1

I have a strange problem and maybe one of you has an idea what is going on there.

The code I'm working on is a longish and complex simulation code. I have a function matrixSetup which is called at the beginning and where I measure the runtime of. After setting up my matrix and doing many other stuff, I'm running my solver and so on.

Now I changed something on my solver code and this should not influence the runtime of the matrix setup. However, I see an increase there from 90 to 150 seconds. Without touching that piece of code. Why? How?

This time difference is fully reproducible. Undoing the change in the solver gives back the fast matrixSetup. Doing other changes in the solver might or might not lead to the same increase in runtime, all reproducible. The runs have been caried out in an isolated way on an empty compute node, so no influence from there.

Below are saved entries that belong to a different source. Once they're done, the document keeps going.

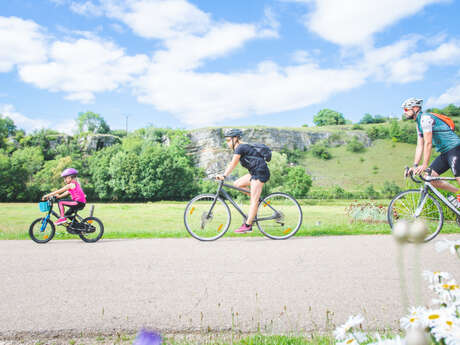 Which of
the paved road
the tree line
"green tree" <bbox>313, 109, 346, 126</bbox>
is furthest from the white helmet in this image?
"green tree" <bbox>313, 109, 346, 126</bbox>

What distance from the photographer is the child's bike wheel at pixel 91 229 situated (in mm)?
6234

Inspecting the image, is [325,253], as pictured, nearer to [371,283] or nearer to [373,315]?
[371,283]

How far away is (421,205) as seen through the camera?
535 cm

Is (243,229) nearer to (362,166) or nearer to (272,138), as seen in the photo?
(362,166)

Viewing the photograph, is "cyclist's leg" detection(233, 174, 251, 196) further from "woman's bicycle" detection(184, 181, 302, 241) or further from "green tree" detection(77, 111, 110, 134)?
"green tree" detection(77, 111, 110, 134)

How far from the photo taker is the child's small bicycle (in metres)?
6.11

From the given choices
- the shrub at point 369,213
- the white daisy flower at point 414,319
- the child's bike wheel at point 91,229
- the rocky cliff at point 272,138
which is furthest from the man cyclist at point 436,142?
the rocky cliff at point 272,138

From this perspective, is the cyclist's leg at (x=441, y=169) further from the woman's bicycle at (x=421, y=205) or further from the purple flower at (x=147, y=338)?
the purple flower at (x=147, y=338)

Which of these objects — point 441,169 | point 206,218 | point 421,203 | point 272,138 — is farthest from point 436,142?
point 272,138

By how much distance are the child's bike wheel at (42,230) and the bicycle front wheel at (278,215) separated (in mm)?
3889

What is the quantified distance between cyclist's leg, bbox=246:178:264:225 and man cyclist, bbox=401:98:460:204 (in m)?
2.47

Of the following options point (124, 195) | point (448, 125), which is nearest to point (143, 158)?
point (124, 195)

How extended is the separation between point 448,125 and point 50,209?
7.12 metres

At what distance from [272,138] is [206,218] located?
7977cm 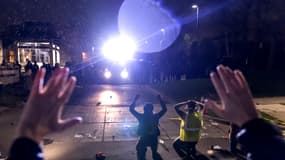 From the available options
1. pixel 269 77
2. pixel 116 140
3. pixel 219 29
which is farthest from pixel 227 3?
pixel 116 140

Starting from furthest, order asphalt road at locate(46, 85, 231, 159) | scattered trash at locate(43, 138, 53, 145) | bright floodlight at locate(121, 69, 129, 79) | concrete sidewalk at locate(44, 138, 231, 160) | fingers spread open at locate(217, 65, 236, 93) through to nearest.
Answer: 1. bright floodlight at locate(121, 69, 129, 79)
2. scattered trash at locate(43, 138, 53, 145)
3. asphalt road at locate(46, 85, 231, 159)
4. concrete sidewalk at locate(44, 138, 231, 160)
5. fingers spread open at locate(217, 65, 236, 93)

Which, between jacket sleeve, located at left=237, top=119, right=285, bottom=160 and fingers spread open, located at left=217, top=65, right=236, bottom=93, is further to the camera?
fingers spread open, located at left=217, top=65, right=236, bottom=93

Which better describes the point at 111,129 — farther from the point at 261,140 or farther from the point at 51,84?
the point at 261,140

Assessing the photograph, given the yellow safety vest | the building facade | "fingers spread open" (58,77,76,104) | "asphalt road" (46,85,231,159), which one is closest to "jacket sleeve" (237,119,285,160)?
"fingers spread open" (58,77,76,104)

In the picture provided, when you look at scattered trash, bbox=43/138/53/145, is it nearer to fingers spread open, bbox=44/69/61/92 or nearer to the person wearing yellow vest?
the person wearing yellow vest

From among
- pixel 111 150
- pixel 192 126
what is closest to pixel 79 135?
pixel 111 150

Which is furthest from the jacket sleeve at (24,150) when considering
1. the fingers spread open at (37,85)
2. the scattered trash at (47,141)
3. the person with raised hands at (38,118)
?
the scattered trash at (47,141)

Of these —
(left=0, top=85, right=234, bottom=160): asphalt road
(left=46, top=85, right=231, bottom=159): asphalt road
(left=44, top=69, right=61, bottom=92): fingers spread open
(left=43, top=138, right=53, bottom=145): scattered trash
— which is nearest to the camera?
(left=44, top=69, right=61, bottom=92): fingers spread open

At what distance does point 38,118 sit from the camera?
1.73 meters

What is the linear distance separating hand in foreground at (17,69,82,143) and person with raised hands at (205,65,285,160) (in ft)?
2.47

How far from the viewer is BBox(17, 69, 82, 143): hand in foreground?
173 cm

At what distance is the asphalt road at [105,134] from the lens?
10039 mm

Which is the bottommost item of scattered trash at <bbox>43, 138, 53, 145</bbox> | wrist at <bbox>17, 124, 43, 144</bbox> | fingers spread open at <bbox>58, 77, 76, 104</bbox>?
scattered trash at <bbox>43, 138, 53, 145</bbox>

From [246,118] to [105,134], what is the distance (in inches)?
425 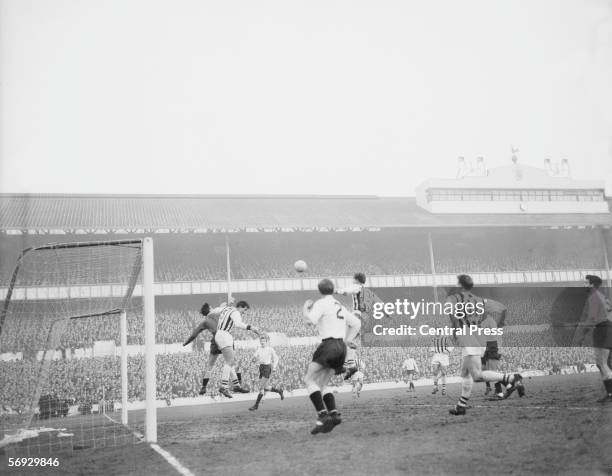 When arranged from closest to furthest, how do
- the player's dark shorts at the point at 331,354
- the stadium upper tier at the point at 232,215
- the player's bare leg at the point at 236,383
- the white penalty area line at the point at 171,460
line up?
the white penalty area line at the point at 171,460 → the player's dark shorts at the point at 331,354 → the player's bare leg at the point at 236,383 → the stadium upper tier at the point at 232,215

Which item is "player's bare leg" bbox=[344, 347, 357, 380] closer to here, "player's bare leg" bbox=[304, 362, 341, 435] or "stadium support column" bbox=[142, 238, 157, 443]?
"player's bare leg" bbox=[304, 362, 341, 435]

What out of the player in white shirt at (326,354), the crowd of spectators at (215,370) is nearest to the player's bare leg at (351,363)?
the player in white shirt at (326,354)

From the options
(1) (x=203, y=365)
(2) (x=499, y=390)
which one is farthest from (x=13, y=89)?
(1) (x=203, y=365)

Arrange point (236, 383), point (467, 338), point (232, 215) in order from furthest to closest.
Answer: point (232, 215) < point (236, 383) < point (467, 338)

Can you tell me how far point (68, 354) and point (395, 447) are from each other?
19.6 meters

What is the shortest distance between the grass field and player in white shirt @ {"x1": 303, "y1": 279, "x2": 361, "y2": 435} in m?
0.31

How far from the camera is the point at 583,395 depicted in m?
9.99

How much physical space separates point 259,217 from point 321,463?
24.4m

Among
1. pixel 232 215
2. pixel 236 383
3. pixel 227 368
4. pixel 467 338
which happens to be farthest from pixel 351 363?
pixel 232 215

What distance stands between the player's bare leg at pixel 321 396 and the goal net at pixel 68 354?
2241 mm

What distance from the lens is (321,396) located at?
710cm

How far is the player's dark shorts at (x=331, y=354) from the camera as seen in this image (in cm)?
707

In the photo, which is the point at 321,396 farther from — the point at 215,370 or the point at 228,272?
the point at 228,272

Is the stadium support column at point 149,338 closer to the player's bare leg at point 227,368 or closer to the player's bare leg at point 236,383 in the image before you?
the player's bare leg at point 227,368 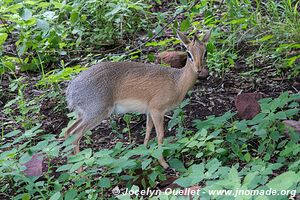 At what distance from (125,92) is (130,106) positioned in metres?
0.13

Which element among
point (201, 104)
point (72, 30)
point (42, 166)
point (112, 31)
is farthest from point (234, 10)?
point (42, 166)

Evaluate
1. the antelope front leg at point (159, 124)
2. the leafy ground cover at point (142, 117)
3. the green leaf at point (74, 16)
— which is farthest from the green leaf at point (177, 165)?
the green leaf at point (74, 16)

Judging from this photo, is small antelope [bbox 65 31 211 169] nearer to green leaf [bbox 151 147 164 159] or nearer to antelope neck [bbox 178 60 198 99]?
antelope neck [bbox 178 60 198 99]

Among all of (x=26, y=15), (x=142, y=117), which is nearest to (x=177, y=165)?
(x=142, y=117)

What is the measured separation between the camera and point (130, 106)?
545cm

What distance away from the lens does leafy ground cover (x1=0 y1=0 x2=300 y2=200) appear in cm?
451

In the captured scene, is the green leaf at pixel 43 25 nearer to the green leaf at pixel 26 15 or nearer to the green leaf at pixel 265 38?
the green leaf at pixel 26 15

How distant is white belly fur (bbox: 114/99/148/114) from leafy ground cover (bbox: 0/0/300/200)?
304 mm

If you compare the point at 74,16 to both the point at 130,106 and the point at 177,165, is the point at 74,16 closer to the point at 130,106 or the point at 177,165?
the point at 130,106

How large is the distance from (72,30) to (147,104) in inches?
95.8

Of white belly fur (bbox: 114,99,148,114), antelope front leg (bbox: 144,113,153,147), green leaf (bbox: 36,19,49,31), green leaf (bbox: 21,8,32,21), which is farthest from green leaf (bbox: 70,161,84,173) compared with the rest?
green leaf (bbox: 36,19,49,31)

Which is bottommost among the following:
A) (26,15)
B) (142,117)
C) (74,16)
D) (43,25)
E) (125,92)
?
(142,117)

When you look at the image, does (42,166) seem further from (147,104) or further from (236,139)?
(236,139)

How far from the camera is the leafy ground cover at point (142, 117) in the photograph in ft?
14.8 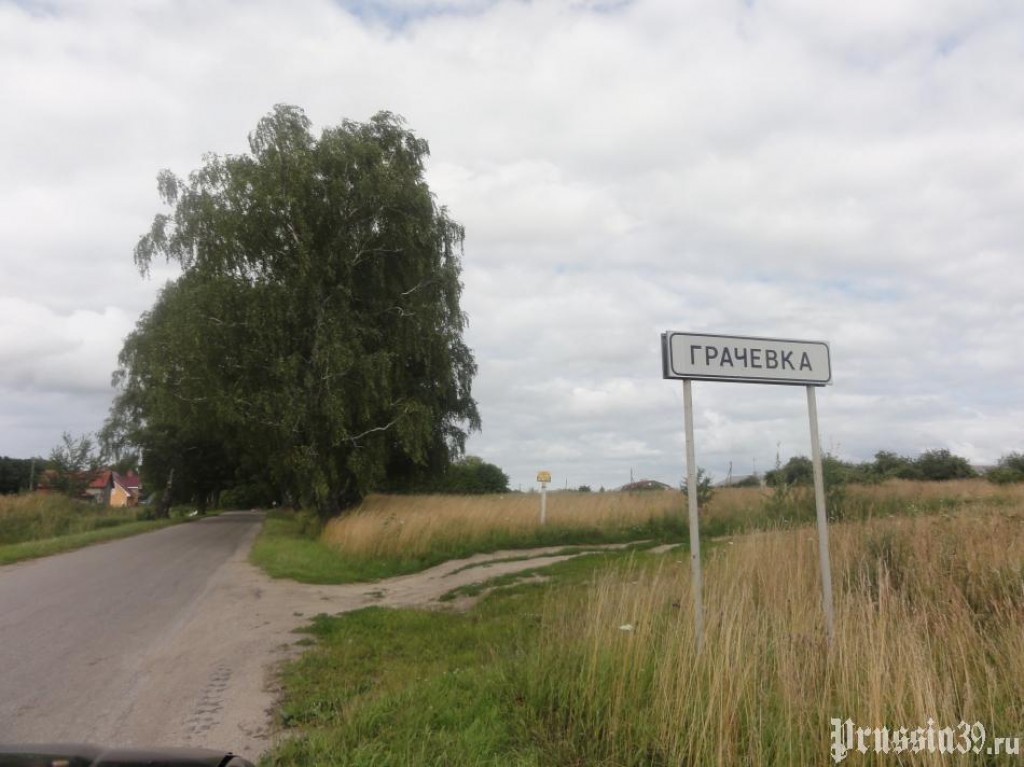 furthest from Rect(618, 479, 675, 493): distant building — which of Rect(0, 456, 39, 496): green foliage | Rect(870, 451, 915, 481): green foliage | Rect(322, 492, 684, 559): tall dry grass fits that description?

When using vTune to find out where the increase in runtime occurs, I end up at a simple loop (in a loop nest):

for (l = 0; l < nrConnects; l++)
    if (connectedPartitions[l] == otherParti) {
        nrCommonCouplNodes[l]++; 
        pos = l; 
        break;
    }

Does anybody have an idea what is going on there? The compiler genrated instructions are fully the same regarding to vTune. I'm using the Intel compiler, version 19.0.1.

I was playing around with compiler flags a little bit. When stating -fpic (Determines whether the compiler generates position-independent code) the increase in runtime is gone. But I assume, this causes just slightly different instructions and hence does not heal the real problem I'm facing.

With Clang, I do not see (at least here) this behaviour...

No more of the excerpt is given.